En política económica, los movimientos importan tanto como los discursos. Y en apenas siete meses, dos figuras clave del gabinete económico han dejado sus cargos: Pável Isa Contreras, exministro de Economía, y Jochi Vicente, exministro de Hacienda, sustituido por Magín Díaz en julio de este año. Este tipo de reconfiguración, cuando involucra a los responsables de la planificación y las finanzas públicas, no puede verse como una simple transición administrativa. Algo más profundo parece estar ocurriendo.
La salida de Jochi Vicente, en particular, plantea preguntas que deben ser analizadas con cuidado. Fue él quien elaboró, presentó y defendió una ambiciosa reforma tributaria, que no llegó a convertirse en ley, no por falta de claridad técnica, sino por debilidad política y resistencia social. Esa reforma —tributaria y no fiscal, como algunos insisten en aclarar— buscaba mejorar la estructura de ingresos, ampliar la base contributiva y racionalizar exenciones. Su fracaso fue uno de los golpes más duros al equipo económico del presidente Abinader.
En este contexto, ¿la salida de Vicente representa una consecuencia de esa derrota política? ¿O fue un paso al costado por diferencias con la estrategia de gasto, la composición del presupuesto o el creciente endeudamiento?
La entrada de Magín Díaz agrega otra capa de complejidad. Se trata de un economista de gran experiencia y credibilidad técnica, pero cuya trayectoria reciente se inscribe en los gobiernos del PLD, donde fue director de la Dirección General de Impuestos Internos (DGII). Su designación no es menor, y plantea preguntas que van más allá de lo técnico:
– ¿Es esta una señal de apertura o recomposición política?
– ¿Implica un reconocimiento tácito de que el equipo económico inicial del gobierno no dio los resultados esperados?
– ¿Estamos ante un intento de corregir el rumbo incorporando figuras de peso con experiencia más allá del PRM?
– ¿Hay un replanteamiento de las alianzas institucionales para sostener la conducción económica?
Estas preguntas cobran más peso cuando se examina el contexto actual: altos niveles de endeudamiento, baja inversión pública de capital, postergación indefinida de la reforma fiscal integral, y una economía presionada por transformaciones fiscales internacionales, como la reforma estadounidense, que promueve el retorno de capitales y reduce los incentivos para invertir en el exterior.

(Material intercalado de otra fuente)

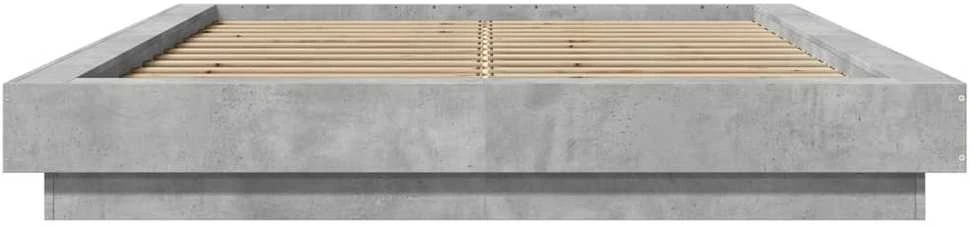 Lovos rėmas su LED, betono pilkas, 120x200cm, apdirbta mediena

Frente a este panorama, el desafío no es solo fiscal, sino de modelo. ¿Cómo equilibrar responsabilidad macroeconómica con desarrollo social? ¿Cómo garantizar que el gasto público sea eficiente, productivo y transparente? ¿Qué papel jugarán ahora las nuevas figuras del equipo económico en la construcción de una nueva hoja de ruta?
Desde la oposición, y con la mejor intención de que el país avance hacia un modelo más justo y competitivo, es imperativo exigir que se reduzca significativamente la inversión pública improductiva, la cual ha venido en aumento en los últimos tiempos, en gran parte como reflejo de un aparato estatal desbordado por aspiraciones políticas. Hoy casi todos los funcionarios públicos de alto nivel actúan como precandidatos a la nominación presidencial del PRM, lo que distorsiona las prioridades del gasto y aleja al Estado de sus fines esenciales.

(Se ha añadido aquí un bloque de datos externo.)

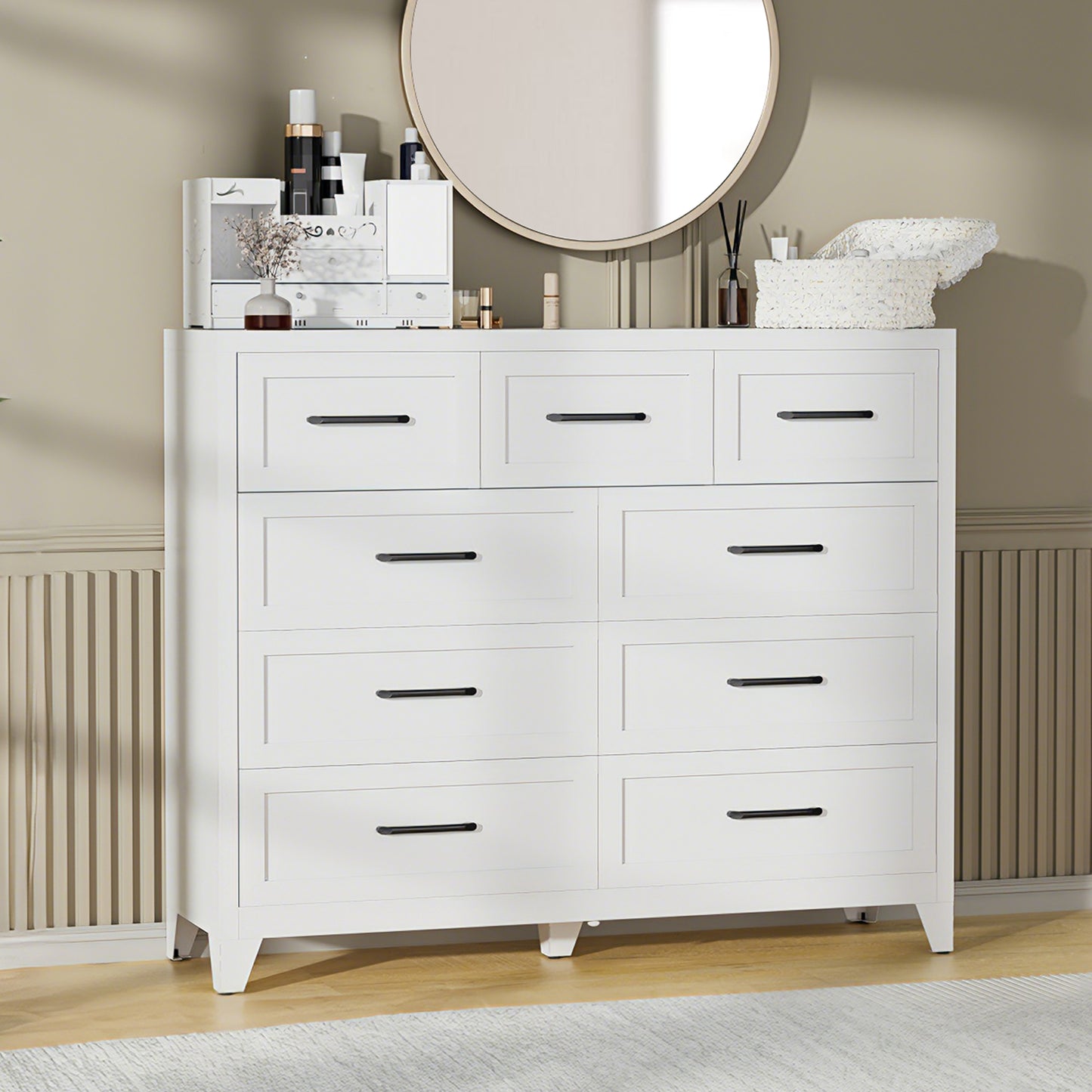 VIYET 9-Drawer Storage Dresser, White Chest of Drawers with Smooth-Glide Drawers for Bedroom, Closet & Entryway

En su lugar, se debe priorizar con urgencia:
– La inversión pública de capital con impacto en infraestructura, logística y productividad.
– El fortalecimiento del sistema educativo, en todos sus niveles.
– El fomento a la investigación científica y tecnológica.
– El robustecimiento del sistema de salud pública, con visión preventiva, accesible y digna.
El país no necesita más gasto. Necesita mejor gasto. Necesita que los recursos públicos estén alineados con un plan nacional de desarrollo que obedezca a los nuevos lineamientos del entorno internacional, no con la agenda personal de quienes ocupan cargos de poder.
Las renuncias, en política, nunca son neutras. Y cuando provienen del corazón técnico del gabinete económico, su lectura no puede limitarse a lo formal. Estamos, quizás, frente a un momento bisagra, donde el país tiene que decidir si opta por la profundidad de las reformas o por la comodidad de la inercia, manteniendo un gasto público netamente clientelar.